Speed never slumps....except when it's sitting on its ass.
27. Raisel Iglesias
I really need a rookie. My team is so young, the groundskeeper sweeps up pacifiers and rattles off the dugout floor, not sunflower seeds.
Iglesia is from Cuba.
That's supposed to be good.
So far, in Spring Training, Cuba good, Iglesias not.
28. Kyle Gibson.
My team's average age just went up.
Gibson does not come from Cuba.
And he does pitch for the Twins.
Somebody has to.
29. Nathan Karns.
And my team age plummets.
Hopefully Karns is a fly ball pitcher.
Oh, I don't care about the fantasy side. I just wanna see a lot of fly balls so that his nicknam is 'Can of'.
Karns did not have a job, even as recently as a week or two ago.

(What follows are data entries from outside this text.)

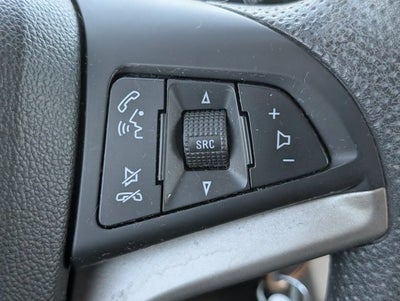 2016 Chevrolet Sonic LT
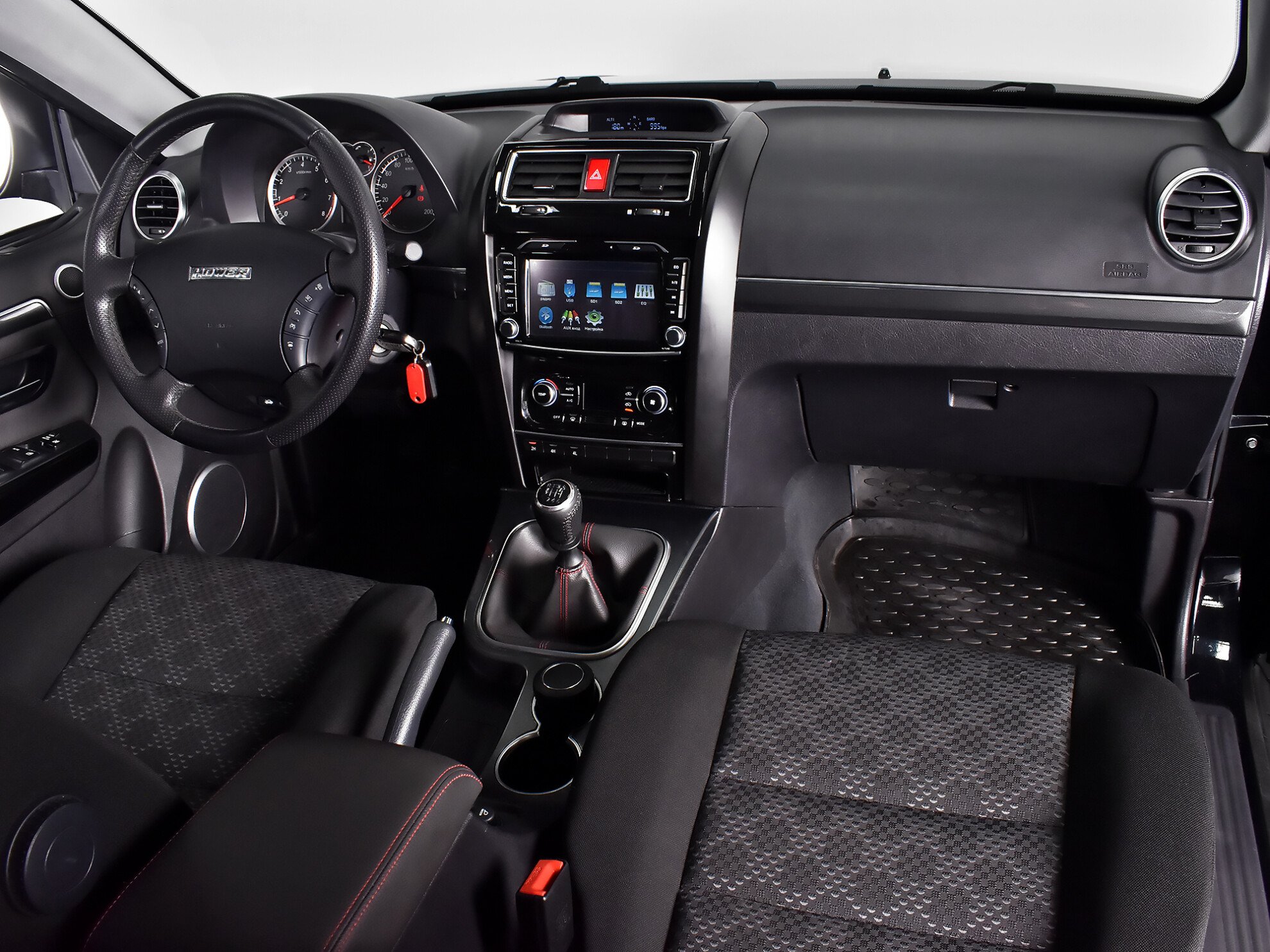 Hower H3 2018 Luxe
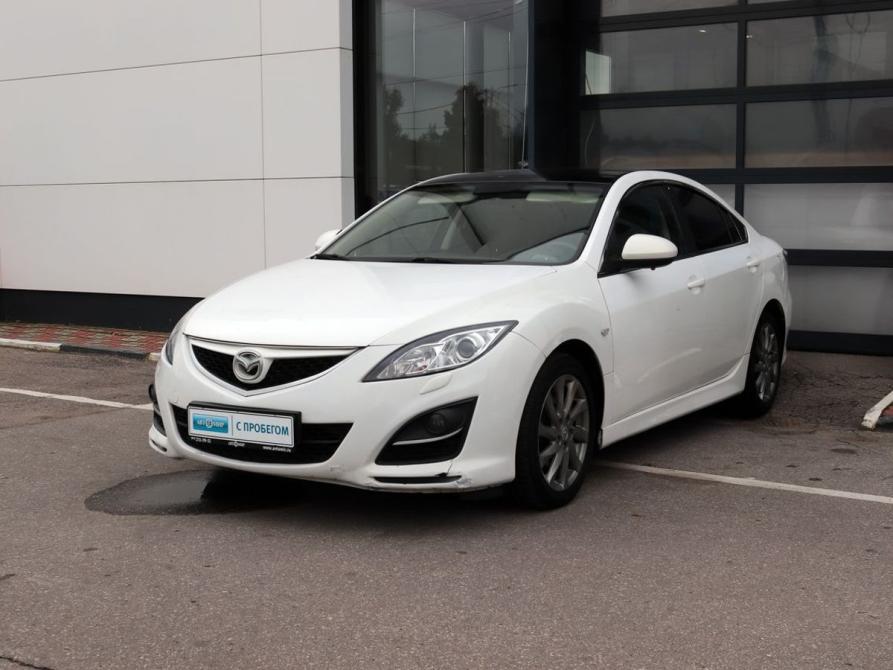 Mazda 6 II (GH) Рестайлинг Нижний Новгород  - изображение 1
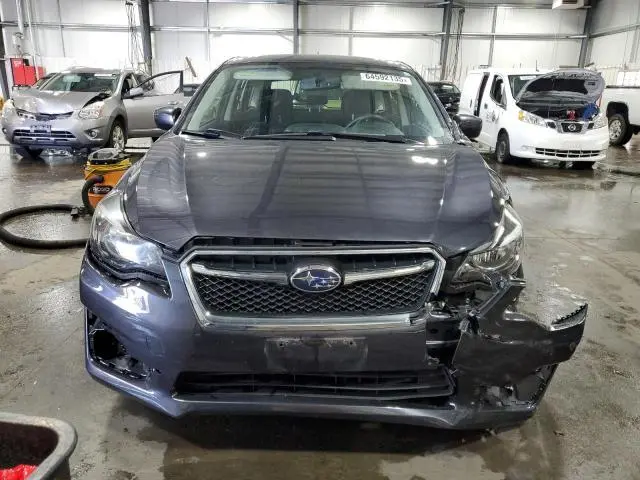 2015 SUBARU IMPREZA PREMIUM  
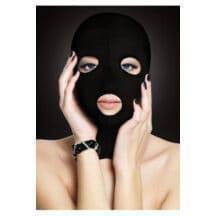 Маска-шлем Shots Ouch Subversion Mask, черный. Нет в наличии Маска-шлем Shots Ouch Subversion Mask, черный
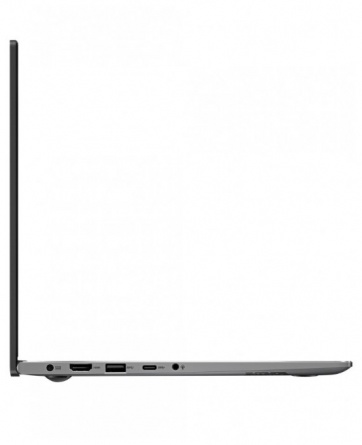 Ноутбук ASUS VivoBook S14 M433IA-EB400T (90NB0QR4-M06050), Indie Black фото 9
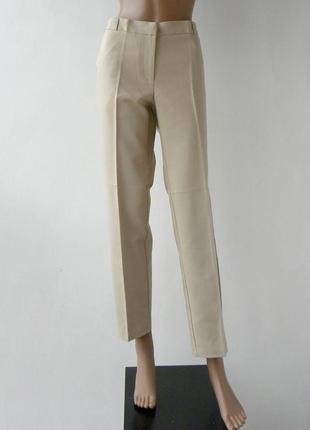 Знижка дня! оригінальні штани бежевого кольору 52 розмір (46 євророзмір).
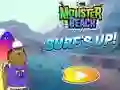Joc Monster Beach: Surf's Up en línia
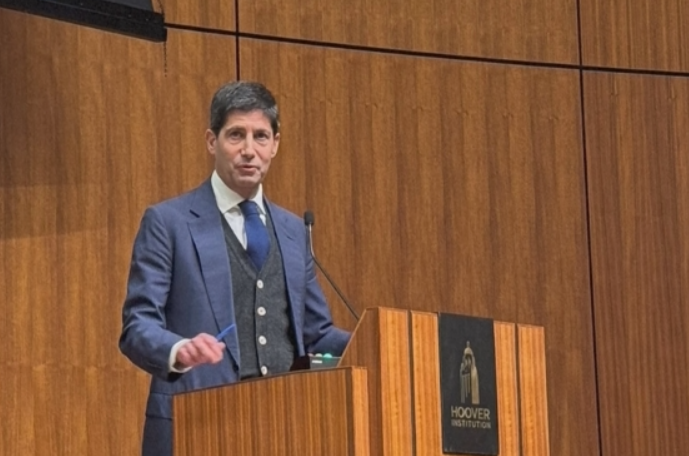 美联储主席候选人沃什：若提名获得确认 将坚决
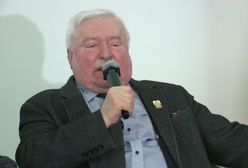 Wałęsa: mój syn odebrał sobie życie przez Cenckiewiczów
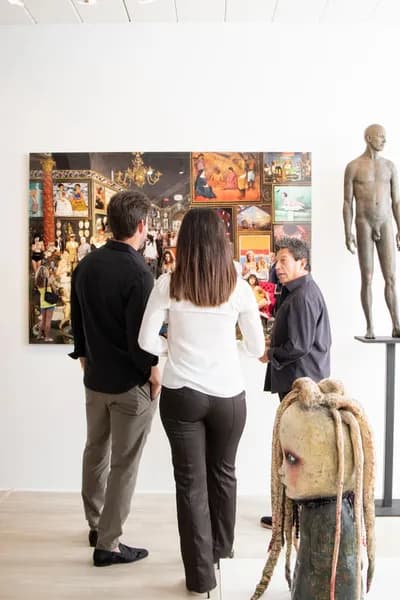 Art Gallery Specializing In Modern & Contemporary Art & Latin American Art
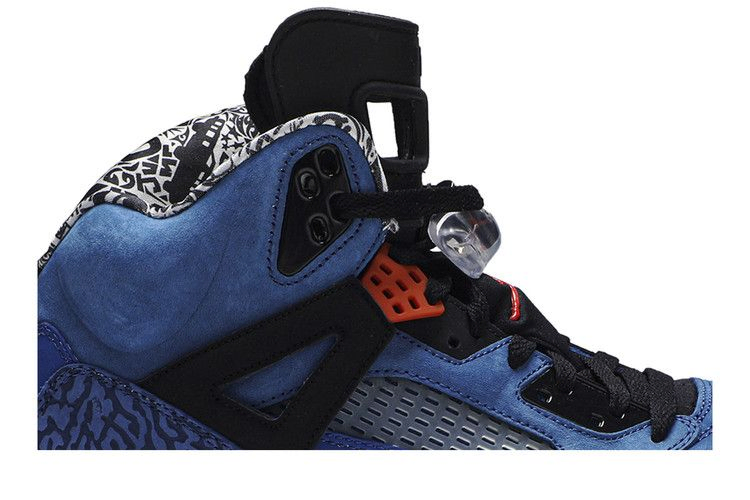 Кроссовки Air Jordan Spizike 'New York Knicks'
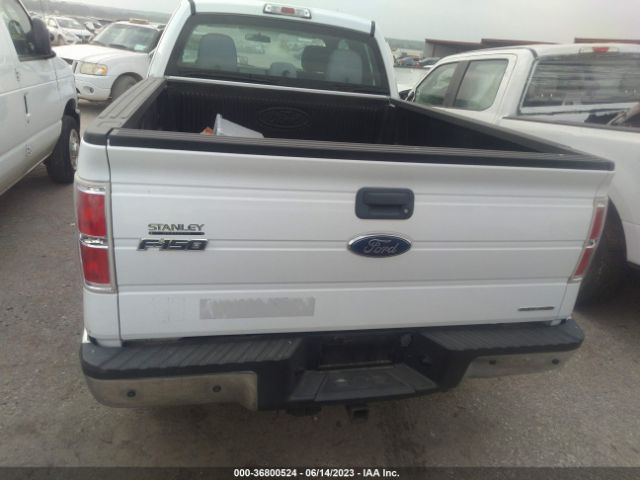 1FTEX1CM9EKF61976 Ford F-150 Xl/stx/xlt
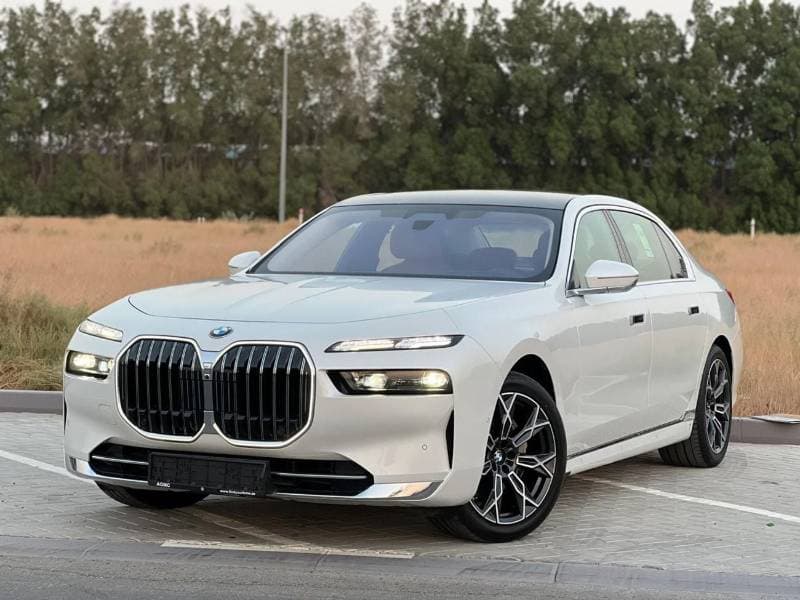 2026 BMW 735i EXCELLENCE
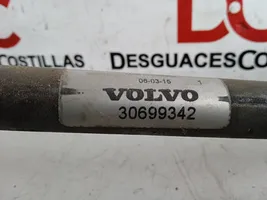 Volvo V50 Mechanizm i silniczek wycieraczek szyby przedniej / czołowej 30699342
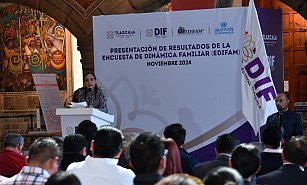 Tlaxcala impulsa familias fuertes con políticas públicas innovadoras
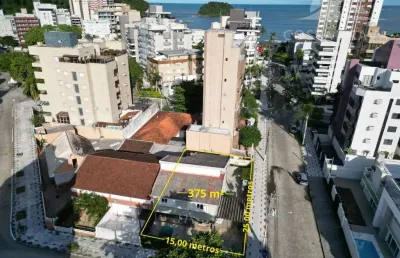 Terreno à venda na Rua Jardim Alegre, 61, Caiobá, Matinhos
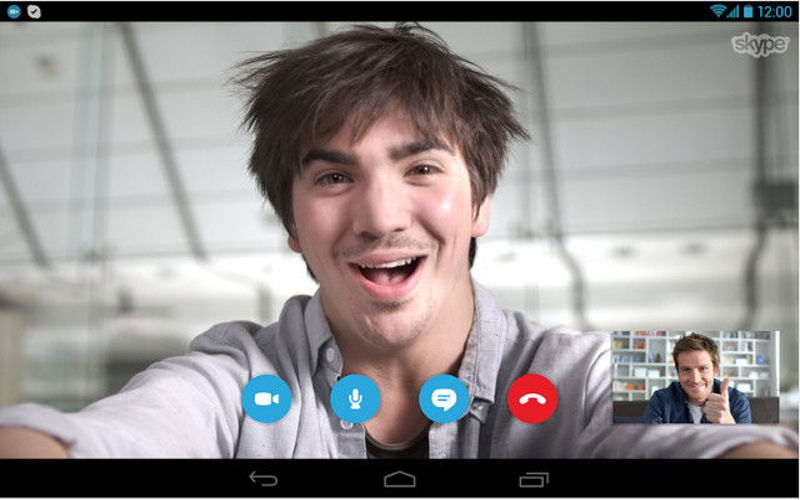 Skype for Android Now Has Video Calls With Multitasking in Quiet New Addition Skype for Android Now Has Video Calls With Multitasking in Quiet New Addition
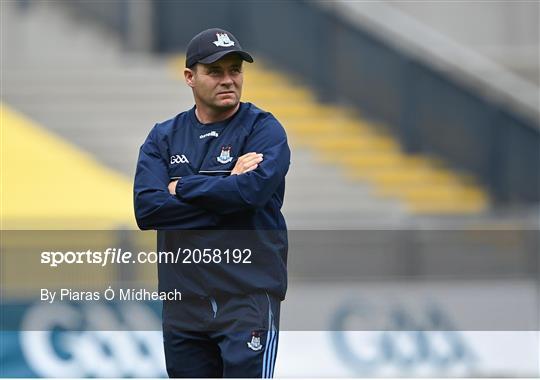 Dublin v Kildare - Leinster GAA Football Senior Championship Final Dublin v Kildare - Leinster GAA Football Senior Championship Final
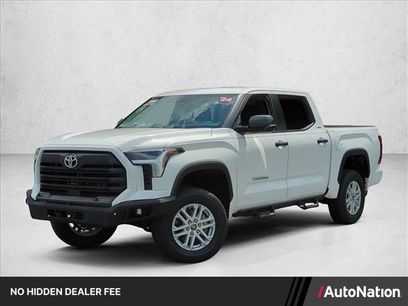 Used 2024 Toyota Tundra SR5 w/ SR5 Convenience Package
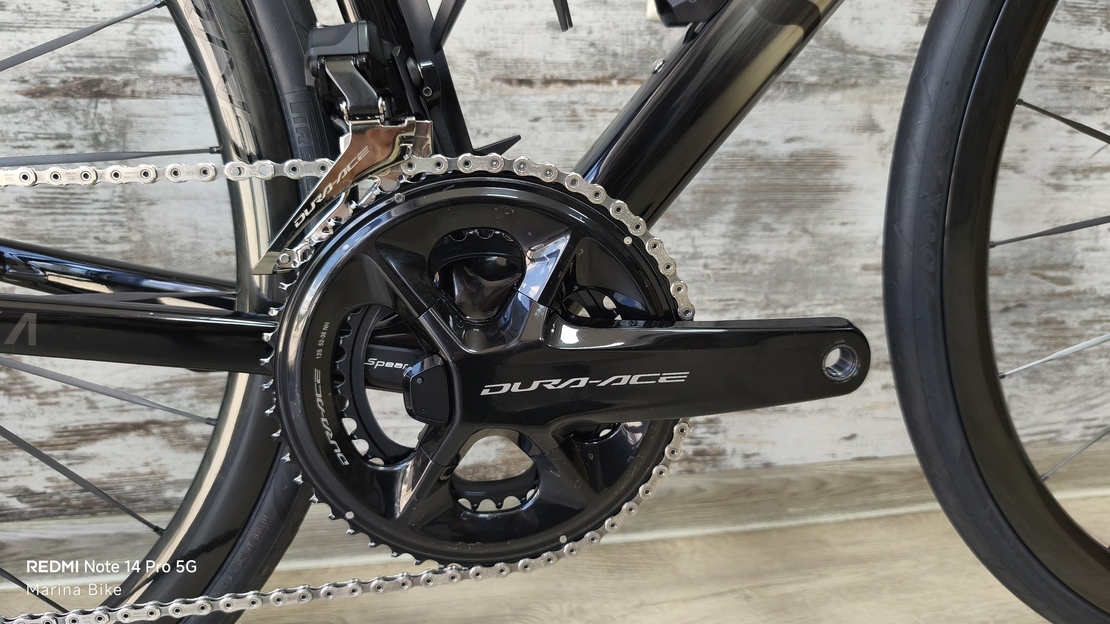 Seka Spear RDC Dura-Ace Di2 12S Elitewheels Powermeter | M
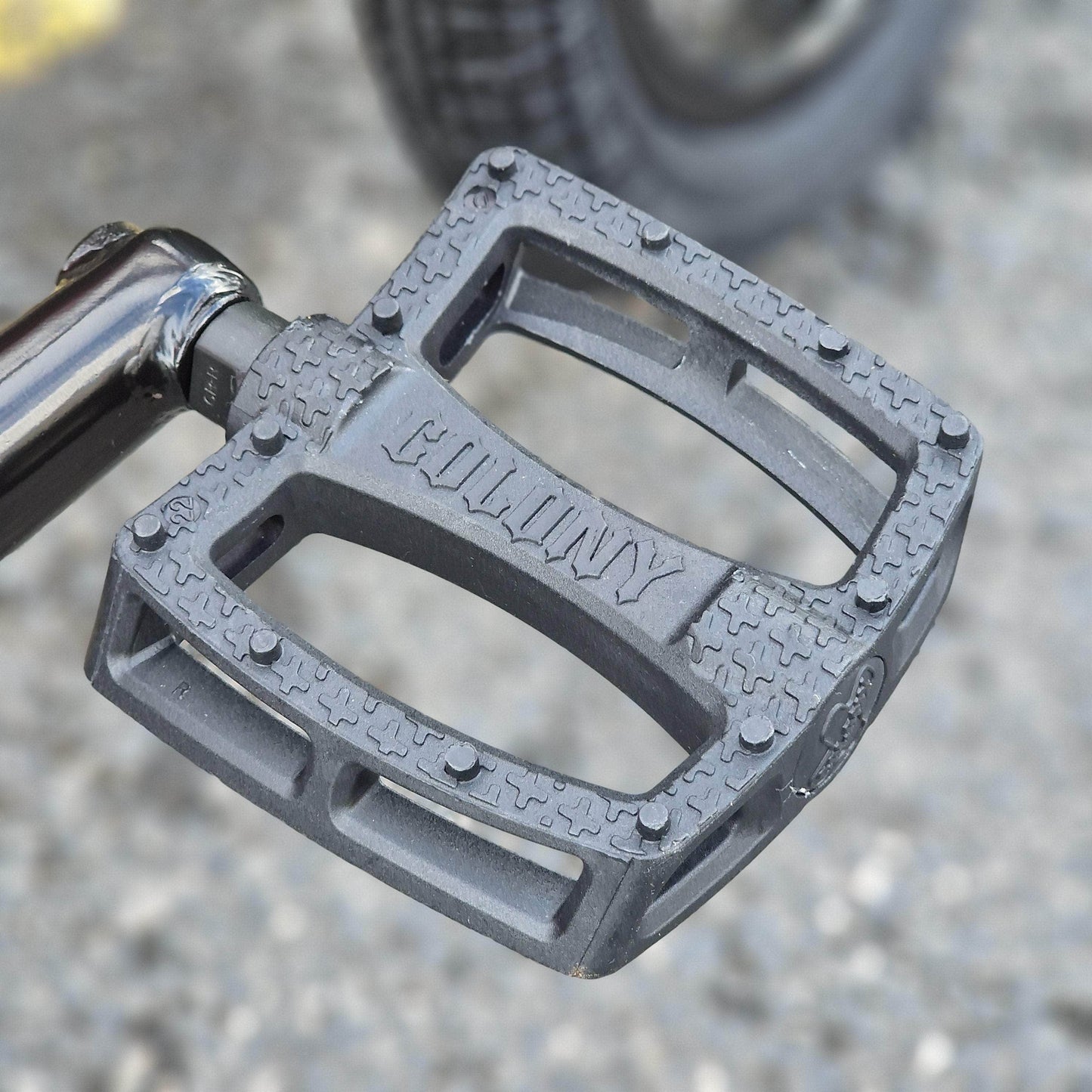 Colony BMX Bikes Colony Horizon 16 Inch Bike Gloss Clear Orange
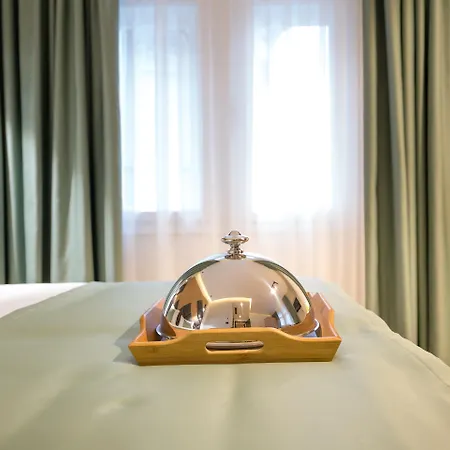Capital Garni Hotel Belgrade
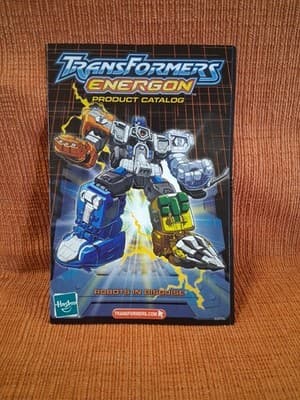 Transformers Energon Command Ravage Incomplete Hasbro Terrorcon Basic Class 2003 - Thumbnail 6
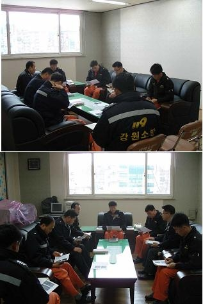 안전 지킴이의 서민경제 지원활동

Perfect fit for this team.
30. Evan Marshall.
No more rookie jokes. I figure that the rookies that don't get it or cut it...and I fully expect that to be half of them, will be replaced on FAAB. Marshall is already a better pitcher than Addison Reed. But, Reed has something that Marshall does not have, the job.
That's the way baseball works. A Closer can suck at Closing because he has done it before.
Like Nathan in Detroit.
Or Qualls in Houston.
It is only till the Manager cannot stomach anymore that they get replaced.
How many burgers does a flipper at McDonalds burn before being replaced?
He burnt them at Burger King too. BUT, at least he has experience.
In real world jobs, these fellas are out the door quickly. Not in baseball.
I never have gotten the logic.
So there you have it.
A bunch of young whippersnappers that paints me more as a molester in not leaving kids alone than a fantasy baseball drafter.
11 rookies. Six of them, pitchers.
Truth be told, I don't like a lot of veteran pitchers this year.
I don't like Peavy, Hudson, Miguel Gonzalez, Jason Vargas, Sabathia, Haren, Burnett, Buehrle, Miley, Cahill, Salazar, any Rockies pitcher, or Phils pitcher, except Hamels.
I don't like Colon, Simon, Marquis, Pelfrey, Chavez, Happ, Guthrie, Morton, or any Texas pitcher, except Holland.
Really, I felt like these Rooks gave me a shot. I waited a long time on pitching and I'd rather have it be in the hands of the mostly unknown, rather than in the hands of a pitcher I don't like.
And I don't like a lot of bottom feeding pitchers this year.
I will not 'blog' this team.
I will post a note in how it is doing from time to time.
If nothing else, than for the benefit of a good laugh.
The smart bet on an over/under of 30 pitching points would be the under.
The trick will be to find a bookie as stupid as me, that will book it.